Published last year in hardback, The Ballad Of A Small Player is Osbourne’s third novel (after his 1986 debut, Ania Malina, and 2012’s The Forgiven; his fourth, Hunters In The Dark, has just been published by Hogarth), and is set in Macau, a tiny peninsula in mainland China that is over 60km to the west of Hong Kong.
Often referred to as the ‘Las Vegas of Asia’, there’s a broiling underbelly to the place that perfectly suits the seediness of Osbourne’s narrator, a disgraced lawyer from Sussex, on the run after the embezzlement of substantial sums of money from a trusting elderly widow.
Lord Doyle is the affectatious name our narrator is given, and it bestows upon him a veneer of both ambiguity and affluence; the former is slowly stripped away through strategic use of back story, while the latter status becomes all too fragile.
Sitting at the tables of Macau’s fetid casinos, he plays baccarat ‘punto banco’, a high stakes game of pure risk that can make a player either very rich or very poor in the time it takes to flip over a card.
Despite displaying extreme indifference to his fate, Lord Doyle’s seemingly neverending supply of money finally gets busted by chance, and he – with his sole friend, casino prostitute Dao-Ming – takes off to a remote village to lick his wounds and to plan an eventual return to Macau-based casinos, games of punto banco, and millions of dollars.

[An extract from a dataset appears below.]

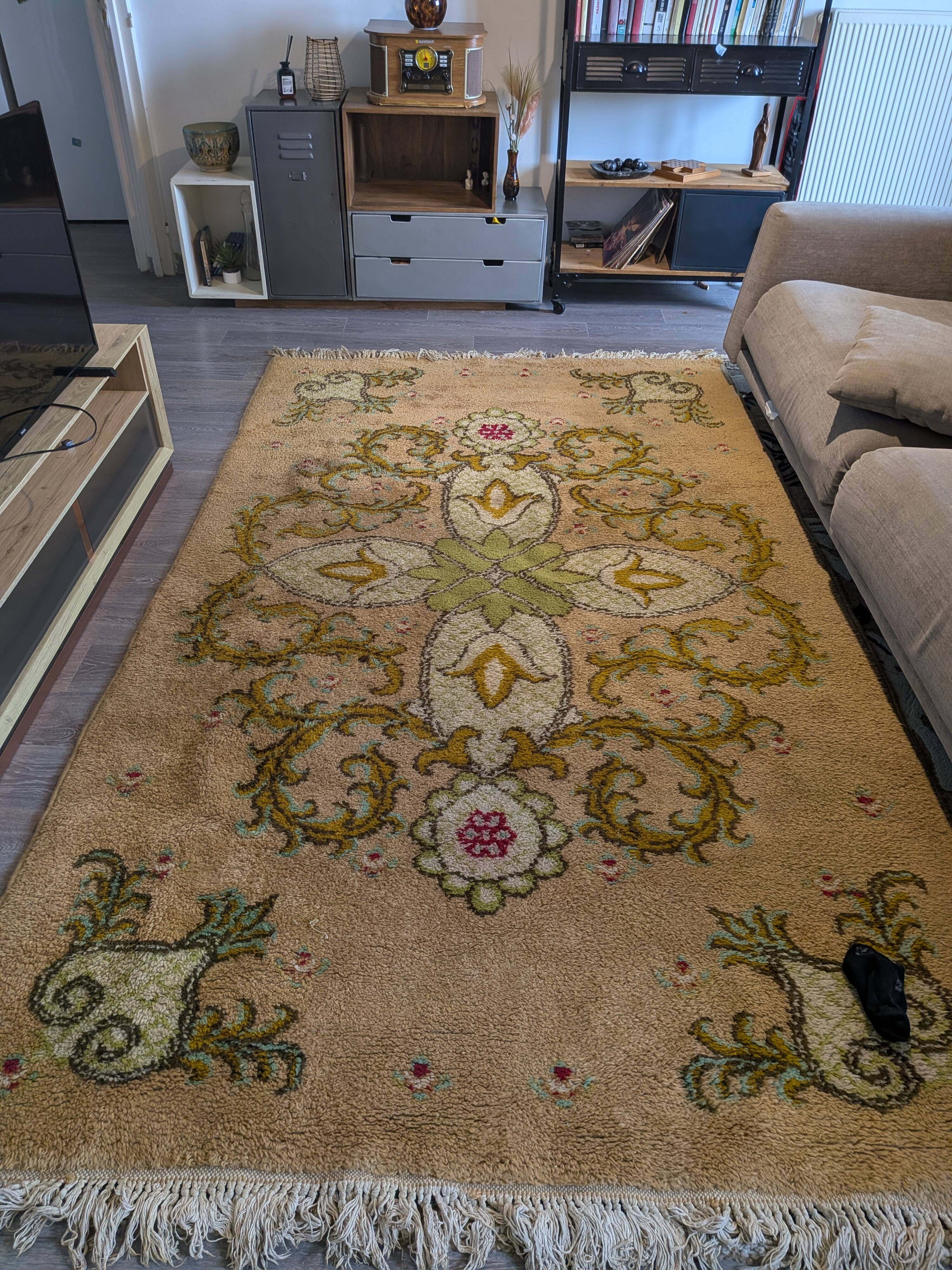 Vintage Moroccan medallion rug in pure wool – 293 x 180 cm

Osbourne is a stylist — of that there little doubt. And yet there are times when he’s less Evelyn Waugh and more AA Gill.
“She fed me fine long bamboo clams,” he writes of a restorative meal with Dao-Ming, “and slipper lobsters coloured the pale pink and green of shells served on their backs under garlic crusts … We ate our selections with spring onions tossed in oil, and kale, with crunchy beans.”
Other times, Osbourne’s descriptive style is sleek and acutely observed: “They are dressed like the corporate officers of the future,” he remarks of female receptionists in Macau’s purposefully grandiose hotels.
“They are as quiet as machines, they glide and purr and rotate and murmur. They are frictionless but powerful, for inside their realms they are omnipotent, they are the soft arm of the law. Who can resist them?”
It is indeed difficult to resist writing like that (similar examples are to be discovered in each chapter) and so overall The Ballad Of A Small Player packs a tidy punch.
There is a sense of foreboding throughout that pitches Lord Doyle not only as a self-deluded member of an imagined aristocracy but also as a man floating between a reality he can barely admit to and a fantasy he can never attain.
Matters, needless to say, don’t go according to plan, but then that is what happens when you play life like a game of cards – eventually luck runs out, and, writes Osbourne, “it grows a little tired and then falls down from exhaustion.”